Edited on Tue Oct-30-07 04:20 PM by TwoSparkles
...because I was raised by homophobic, racist, rich, white, arch-conservative
parents.

Our house was filled with gay and racial slurs. It would have been considered
trashy to consort with minorities or gays. I remember my sister was talking
with an African American out at the mall. My father saw her, grabbed her and
escorted her home. Boy, did she get a talking to.

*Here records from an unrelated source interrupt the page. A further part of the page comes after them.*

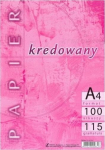 Kreska A4 120g popierius, 100 lapų
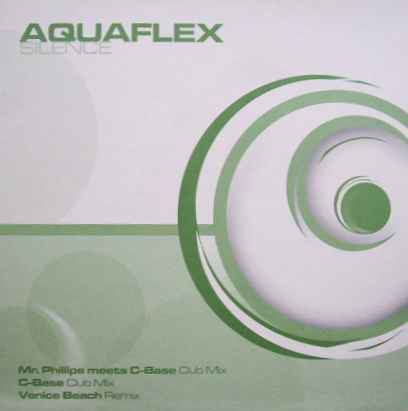 Aquaflex - Silence - Used Vinyl Record File image 1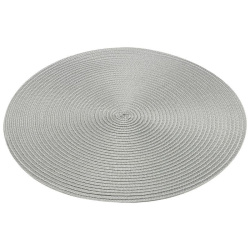 Салфетка сервировочная Рыжий Кот PPW-01 38 см Серый 312363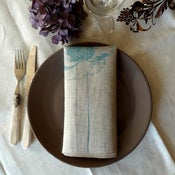 Image of Set 2x Serviettes / Coquelicot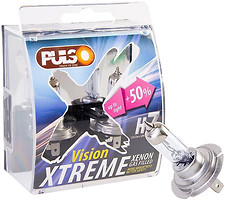 Фото Pulso X-treme Vision H4 +50% 12V 60/55W (LP-42653)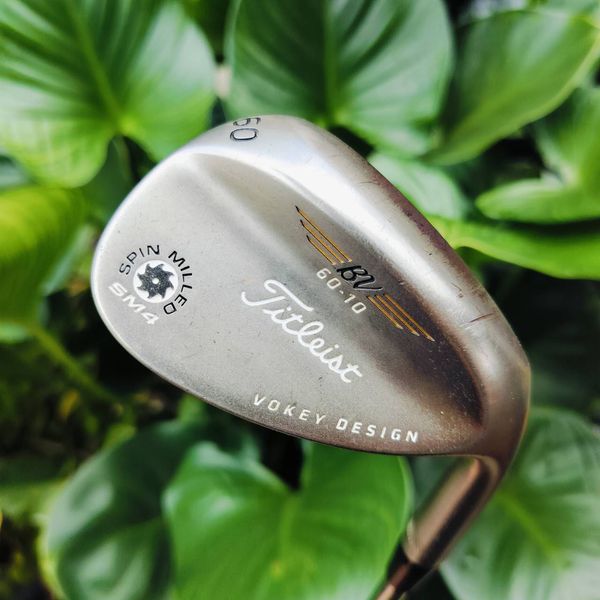 WEDGE TITLEIST SM4 VOKEY DESIGN องศา 60 BOUNCE 10 FLEX WEDGE วัสดุดีมาก นุ่มจัด ระเบิดทรายดีมากๆ ไม้กอล์ฟพรีเมี่ยมมือสอง ของแท้ By NakaraLuxurious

I remember my father guffawing, "It was Adam and Eve, not Adam and Steve!". Oh,
I thought it was all so funny. I didn't know any other way. I didn't even
know that my family was bigoted or that our views were intolerant. I didn't know
it was wrong.

Then, I left home for college. Don't get me started about how diverse and cool
Iowa City, Iowa is. Gay people, straight people, Jewish people, rich people,
poor people, people with blue hair, people from Chicago--you get the drift. I
began to see that the world was bigger--and much more exciting and diverse than
the box into which my father had placed us.

I began therapy for horrendous childhood abuse. In addition to being Fundie nutjobs,
my parents were also criminal, serial child abusers. As I began to shed the pain, I
also shed my father's paradigms. I felt the world open up. I felt lighter.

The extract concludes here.